Do you know much more of her than that?

Petit Mort I always associate with the "little orgasm/death" and that of a woman. Is there something for men, by chance? Something cultural that pinpoints something like "this" relation between orgasm and death? I sure as hell know its not cumming, exploding, etc. :D which is power related.

I wonder, and I don't expect anyone to know the answer, but I wonder ... is there a word in any language that links the male orgasm and death, as petit mort, does for woman, or is cumming for men always power based?


it is the male,dear, that is giving up the life force
the seed
the giver of life if you will
i always thought that the petit mort referred to the male more than the female

i don't think the male orgasm is power
i see it as an act of submission
he is giving himself to the woman and is at his most vulnerable
at that moment
how many times has the female ' devoured' or killed the male after copulation??
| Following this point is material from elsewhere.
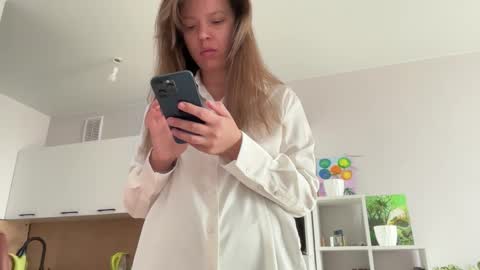 Snapshot of sweetdreamvic chatting on October 2025 07:29:01 AM Vicktorious online show from October 2025 07:29:01 AM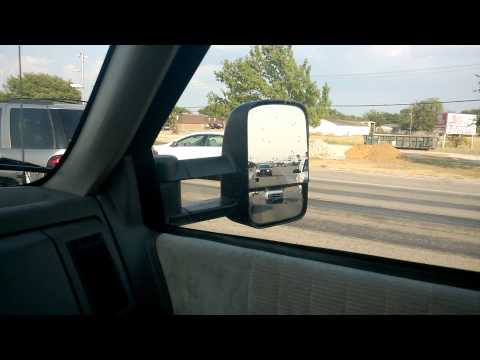 tow mirror vibration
i know nothing else of this poet
i do think she nailed it though
 
Tathagata said:
it is the male,dear, that is giving up the life force
the seed
the giver of life if you will
i always thought that the petit mort referred to the male more than the female

i don't think the male orgasm is power
i see it as an act of submission
he is giving himself to the woman and is at his most vulnerable
at that moment
how many times has the female ' devoured' or killed the male after copulation??



i know nothing else of this poet
i do think she nailed it though


You tweak my mind tonight, Tath, thank you, and I will go off a bit, I am sure, only because my mind is completely stimulated with thought from your post.

Petit mort, I think (might be wrong) is a masculine form french phrase, but I have never heard it "applied" to the male orgasm (not that it can't be), since the male orgasm is traditionally, or conventionally associated with power. (I am waiting for other ords that describe the male orgasm in erotica and porn - that are wider used in culture).

I suppose one must think of where the power lies - is sex nature or culture based? Camille Paglia, who I aspire to (what a mind) believes, if I recall in reading "Sexual Personae" that ALL sex is power based. I don't disagree.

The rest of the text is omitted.